You can piss off people in the area JUST by being WHITE ...and BREATHING.

You think of "bling" as a bullet that ricocheted off of something.

Every other car has a "HOT-107" sticker on it.

Every other car has a trash bag for a rear window.

Every other car has at least ONE bulb burned out somewhere.

Every other car does NOT have a muffler.

You are the ONLY one on your block that actually HAS A REAL JOB.

You are the ONLY one on your block that actually PAYS any kind of TAXES.

Even the police robot refuses to go into your area for a bomb threat.

That speedbump you thought the city installed is "just another body".

You talk to your plants because they hold better conversations than people living near you.

Even DECENT BLACK folks shy away from your neighborhood.

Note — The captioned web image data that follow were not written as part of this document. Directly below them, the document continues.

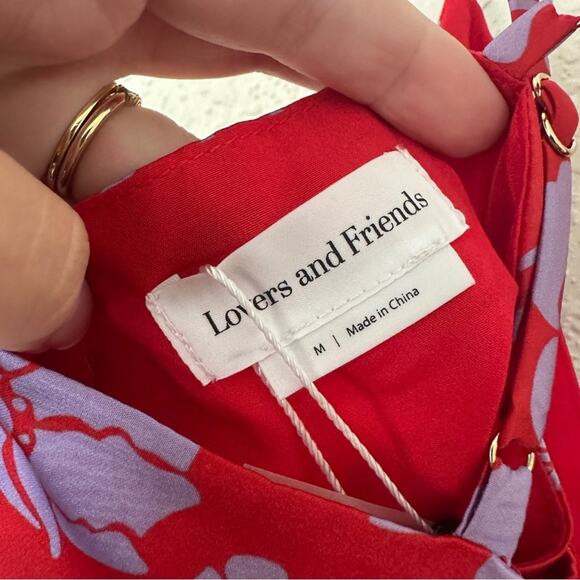 NWT Lovers & Friends Kamala Floral Purple Red Mini Dress Medium - Picture 4 of 7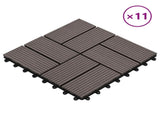 Decking Tile 11 pcs Dark Brown 30 x 30 cm WPC 42046678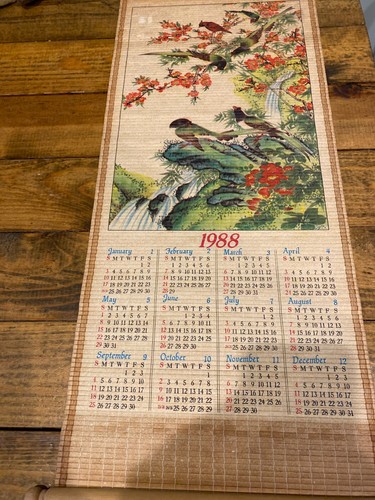 Wandkalender Bambus Vintage 1988 - Bild 1 von 4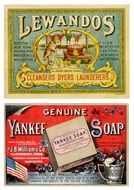 collage with vintage labels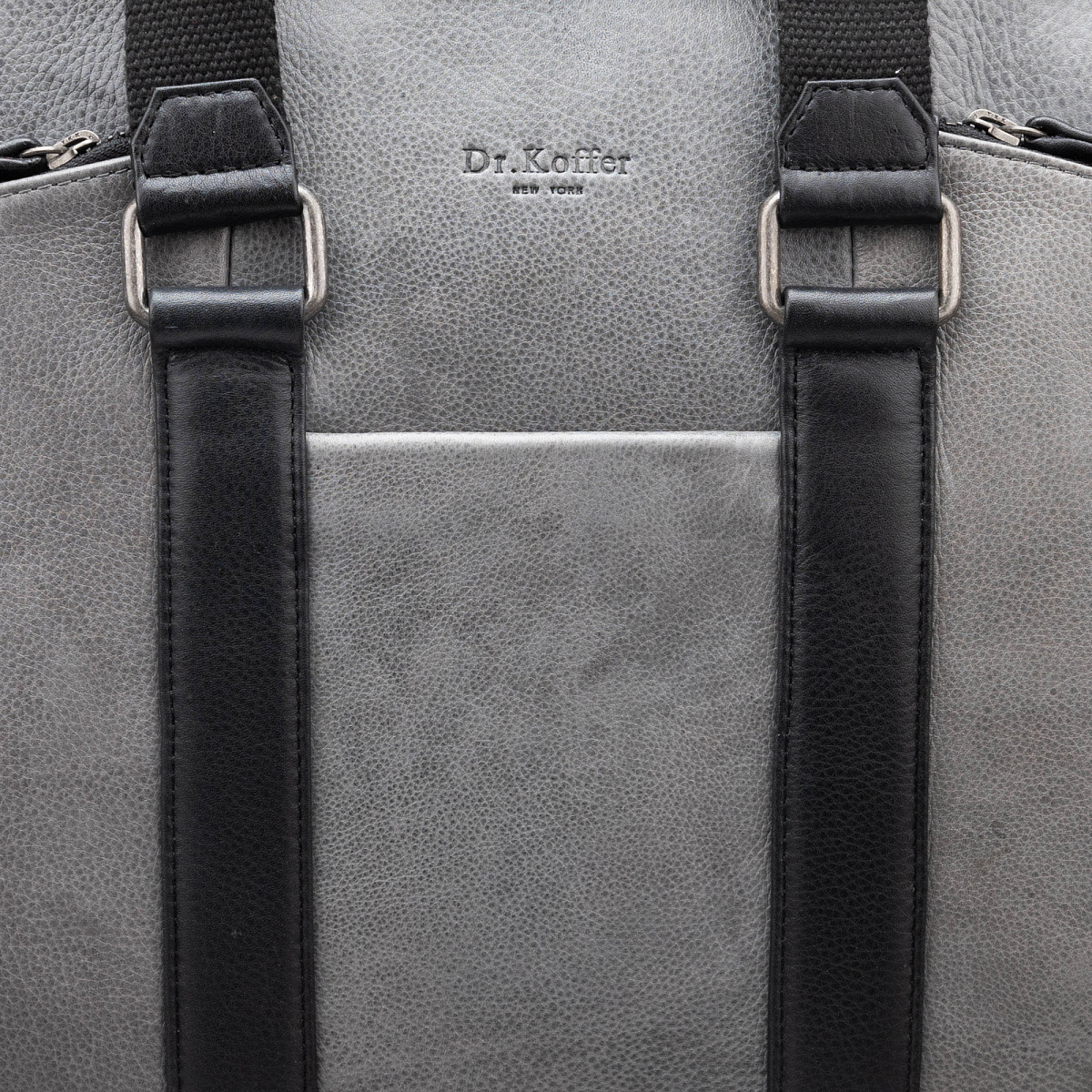 Деловая сумка Dr.Koffer из натуральной кожи серая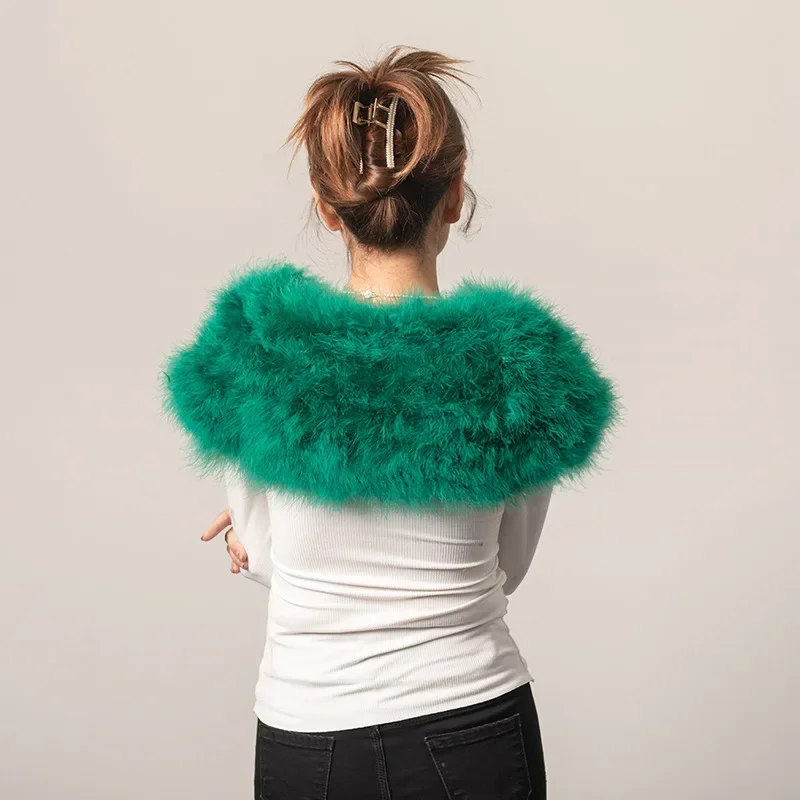 

Women Winter Fur Wrap Cape Scarf Fluffy Feather Bridal Shrug Party Bride Cape Cloak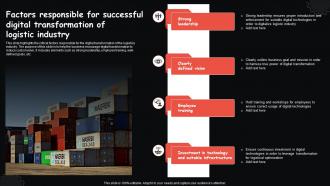 Factors Responsible For Successful Digital Transformation Of Logistic Industry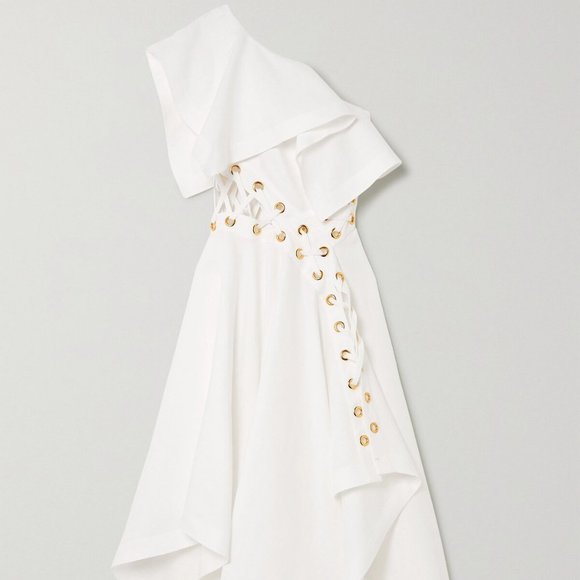 ALEXANDER MCQUEEN  One-shoulder eyelet-embellished ruffled linen-poplin dress - Picture 3 of 4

You take down the BEWARE OF DOG sign & put up a BEWARE OF OWNER sign.

Every decent neighbor that moves away is replaced by someone with a ghetto mentality.

The good news in your area is that the HOMICIDE rate is lower than last year.

The bad news is that all the people that NEEDED to be shot....weren't.


And that's just the TIP of the "iceberg"....More are always on the way.
Gee, that's what we say about the police, too...more ARE on the way (must have been that 14th "party-armed" call made to dispatch this week)...

Yes friends, it's not quite the 7th layer of hell...YET.
But the area is AT LEAST trying.

1 comment:

Tim Zank said...

"The bad news is that all the people that NEEDED to be shot....weren't."

Bob, that is priceless! and it would be hilarious i guess if it weren't true, right?